# Green spotted puffers



## johnwayne1215 (Apr 22, 2009)

About 3 or 4 months ago i bought 2 green spotted puffers from walmart. They both looked sickly soon after i put them in the tank.I did some more research (i should have done before i ever bought the fish) and through my research came to the conclusion that they do better in brackish to full marine waters (I came to this theory after reading tons and tons of conflicting information online and sort of drawing my own conclusions).I also upgraded them to a 29g tank. Anyway long story short i slowly progressed the tank over the course of a few months until i reached full marine conditions. The puffers are now doing great and are healthy and happy. I have fed them nothing but frozen foods and the occasional snail to keep their teeth filed down.

I have 10lbs of live rock a condy anenome, lots of snails and hermits, a sea urchin, and blue damsel with a yellow tail. 
I would like to try keeping some coral in the tank as well once i get more live rock, but i read that puffers are known to eat corals. I have seen mine take occasional nips at the live rock, but despite all the information i have read painting them as "predatory fish" and "invert eaters" they never bother any of the other animals in the tank and are model citizens. 

Does anyone know of any good corals that hold up well, or that would not be appetizing to a puffer?
Anyone ever had any experience with GSPs in a reef tank?
Any information regarding this would be awesome.


----------



## Bear (Jun 8, 2006)

As far as puffers and reefs go ive had a porcupine in my reef for the last month. It has yet to touch a single coral and I have a wide range of corals from sorties to sps. 

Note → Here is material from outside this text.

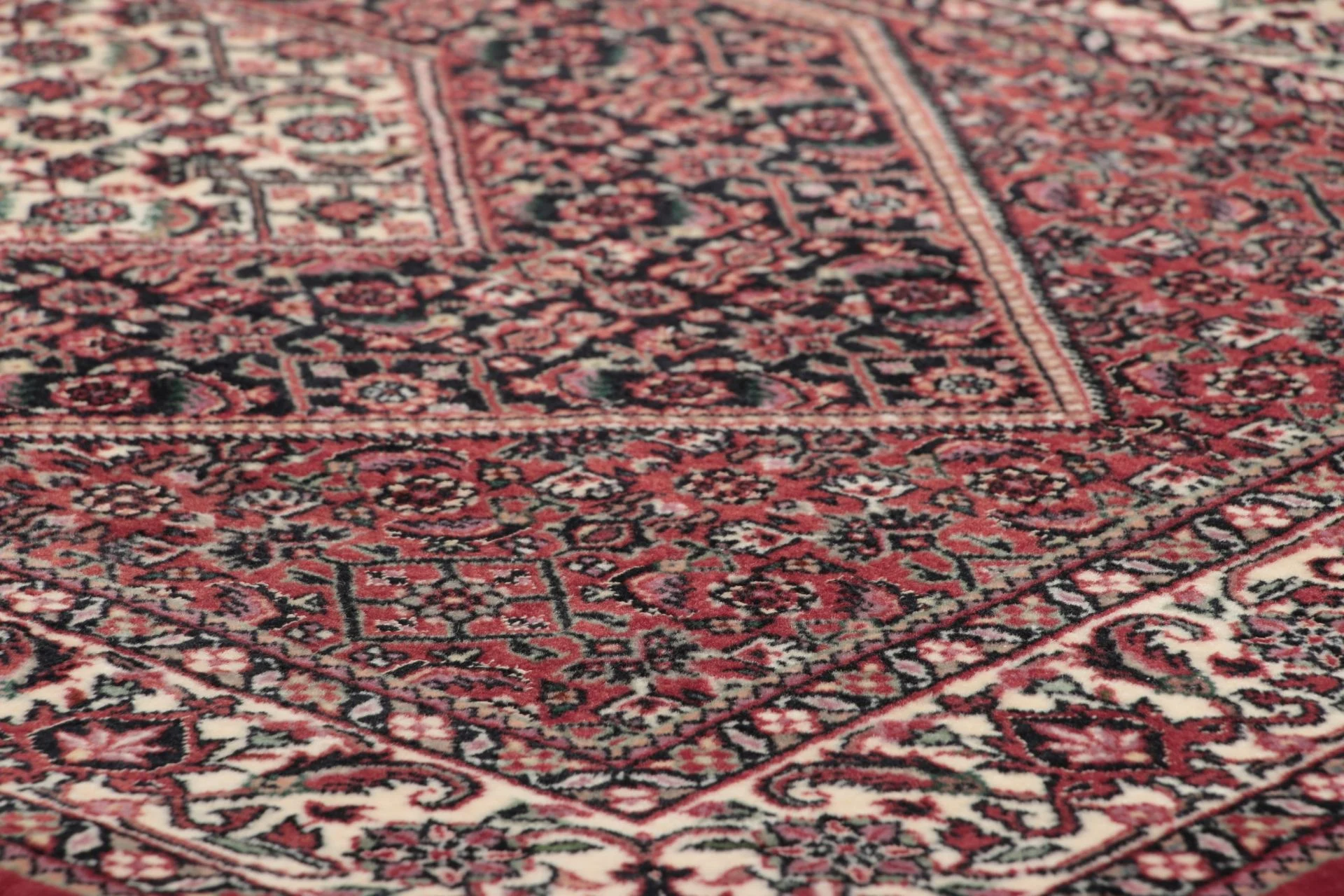 perserteppich-bidjar-82-x-300-cm-schurwolle-seide-handgeknupft-3 Hand-Knotted Wool & Silk Bijar Persian Rug, 82 × 300 cm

When it comes to ur tank I'd look into changing a few things before adding any coral. For instance I'd add a bunch more of and lights, etc. 

I won't simply assume you already don't know the demands of the coral so if you don't please ask.

For hardy corals, take a peek at zoanthids; they are super colorful and easy to tale care of. So much that I plan on my next tank being dominated by them.


----------



## johnwayne1215 (Apr 22, 2009)

I'm relatively new to salt water tanks obviously. So any suggestions are helpful. 
i know the water conditions must be pristine to keep corals (Nitrates, and Nitrites are both near zero in my tank, and PH is good). I have a single CORALIFE 20,000k bulb right now.Is that enough light for Zoanthids?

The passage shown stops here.